O amor deu lugar a um sentimento sombrio e doentio. Isilda foi vítima de violência doméstica quando estava grávida de gémeos. As agressões, testemunhadas pelas duas filhas mais velhas, continuaram nos meses seguintes ao parto. Foi ameaçada com um machado e houve uma tentativa de violação. A irmã e a GNR salvaram-na.

Isilda, cuja história conheceremos melhor mais à frente, faz parte da estatística negra em Portugal. Oitenta e um por cento das vítimas de violência doméstica são mulheres, de acordo com o Relatório de Monitorização de Violência Doméstica. No ano de 2021, 77% dos processos foram arquivados e, destes, 81% deveu-se ao facto de não existir prova. Desde o começo deste ano houve 17 homicídios por violência doméstica: 15 mulheres, uma criança e um homem.
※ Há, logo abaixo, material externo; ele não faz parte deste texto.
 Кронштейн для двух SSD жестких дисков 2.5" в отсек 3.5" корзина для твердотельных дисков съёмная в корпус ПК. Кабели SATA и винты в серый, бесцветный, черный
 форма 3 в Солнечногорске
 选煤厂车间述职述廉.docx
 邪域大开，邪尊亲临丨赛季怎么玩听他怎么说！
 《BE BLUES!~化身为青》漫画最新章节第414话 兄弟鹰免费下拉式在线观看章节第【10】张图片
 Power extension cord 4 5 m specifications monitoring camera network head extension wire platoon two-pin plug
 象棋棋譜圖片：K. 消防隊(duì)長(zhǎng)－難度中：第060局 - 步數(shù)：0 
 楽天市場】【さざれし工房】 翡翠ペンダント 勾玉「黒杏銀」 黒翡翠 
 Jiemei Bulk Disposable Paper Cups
A violência doméstica é um tipo de violência de género que afeta sobretudo mulheres, mas também crianças. Atualmente, há 1.500 pessoas em casas de acolhimento, 48% são crianças acompanhadas pelas mães, 99% são mulheres, 1% homens.
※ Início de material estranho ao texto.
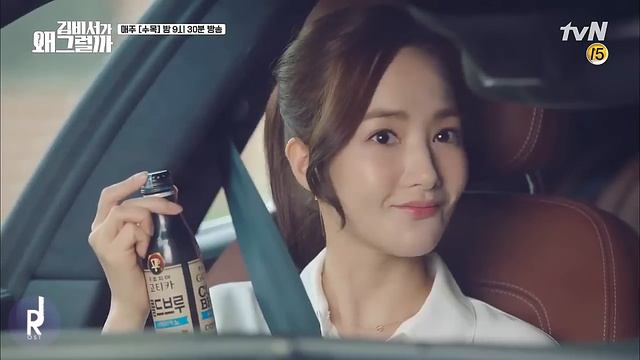 [MV] GFRIEND (여자친구) - Wanna Be | What's Wrong With Secretary Kim OST PART 3 | ซับไทย смотреть онлайн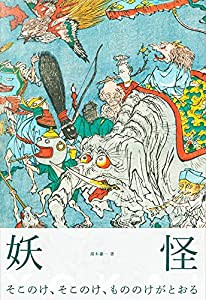 YOKAI-妖怪-(中古品)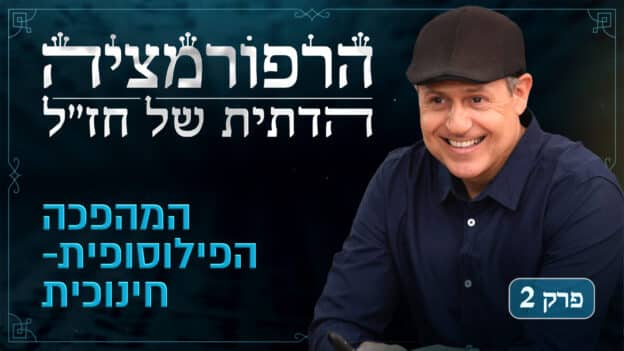 Rabbinic Reformations Series Episode 2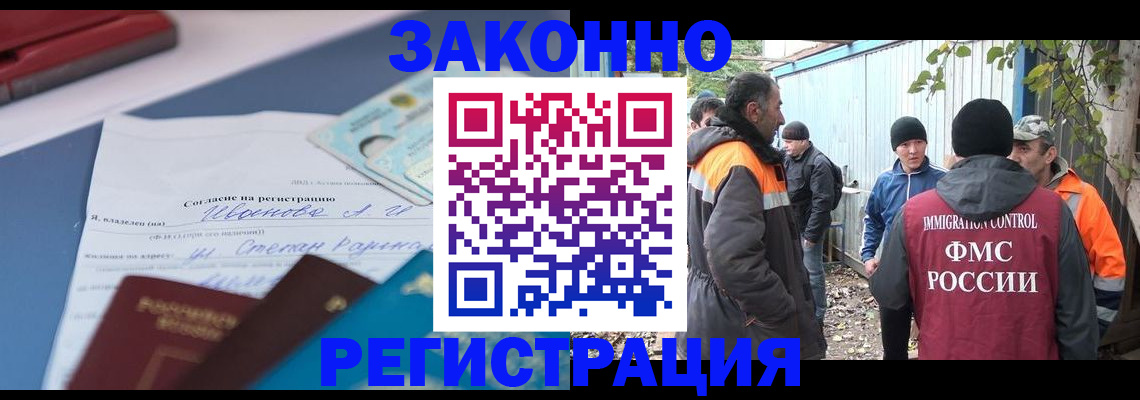 прописка законно в Кувандыке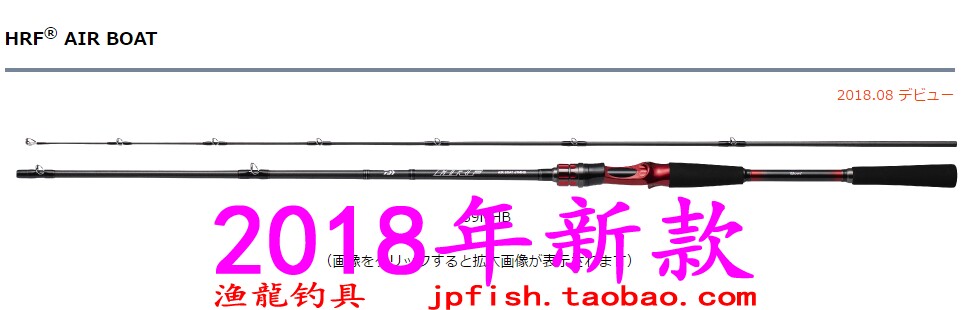 Daiwa 达亿瓦 HRF® AIR BOAT 69MHB 72MS 船钓根钓竿2018年新款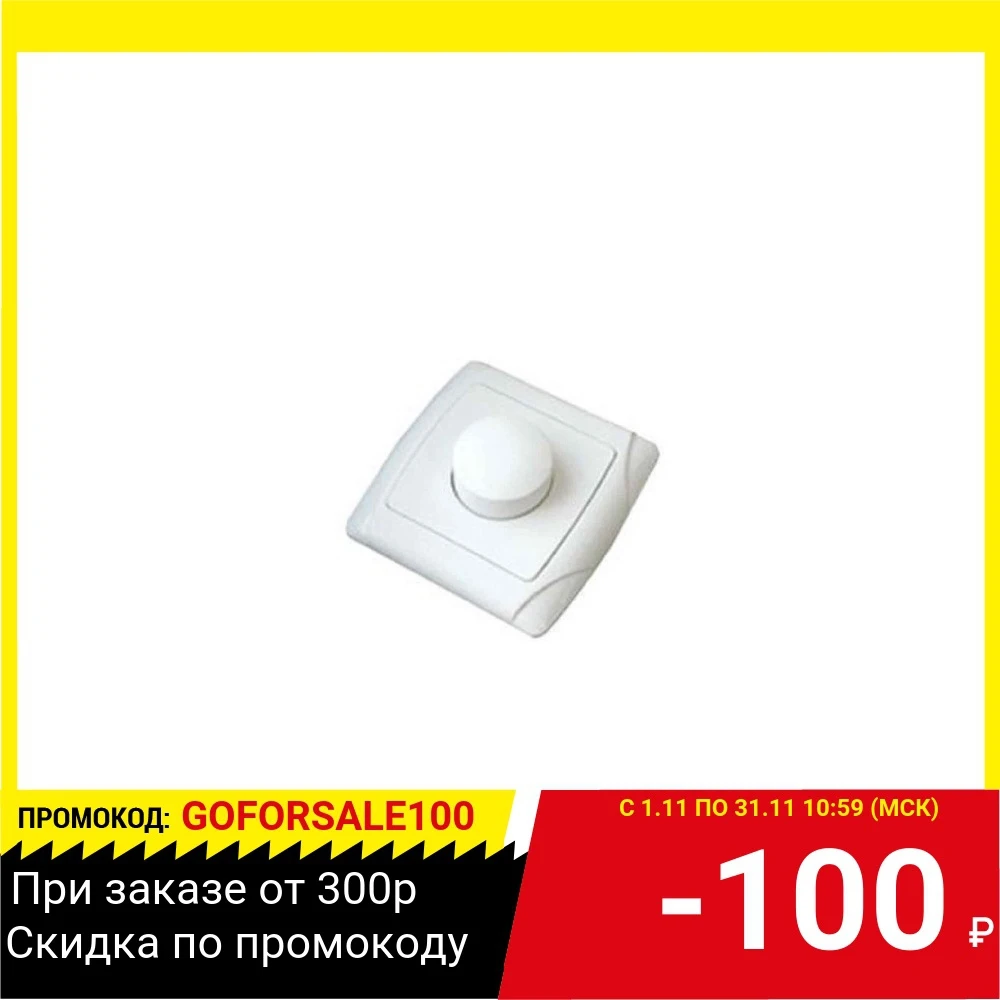 Диммер TDM SQ1805-0009 светорегулятор RL 600Вт белый ''онега'' | Лампы и освещение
A maioria das detenções acontece em flagrante delito. Quer a maioria dos agressores, quer a maioria das vítimas situam-se na faixa etária dos 41 aos 50 anos e grande parte dos casos ocorre dentro de casa.

O distrito da Guarda é umas das zonas do país que regista taxas de incidência superiores à verificada em termos nacionais.
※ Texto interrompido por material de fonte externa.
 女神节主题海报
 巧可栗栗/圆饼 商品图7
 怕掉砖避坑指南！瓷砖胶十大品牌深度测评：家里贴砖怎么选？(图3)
No auditório do Centro de Interpretação da Serra da Estrela (CISE), em setembro, vários intervenientes debateram políticas de prevenção e combate locais, no âmbito da problemática da violência doméstica. Seia é o concelho da Guarda com mais denúncias. Em 2022, e segundo a GNR, foram registados 91 casos e no primeiro semestre deste ano quase meia centena.

"Violência doméstica é estrutural e enraizada”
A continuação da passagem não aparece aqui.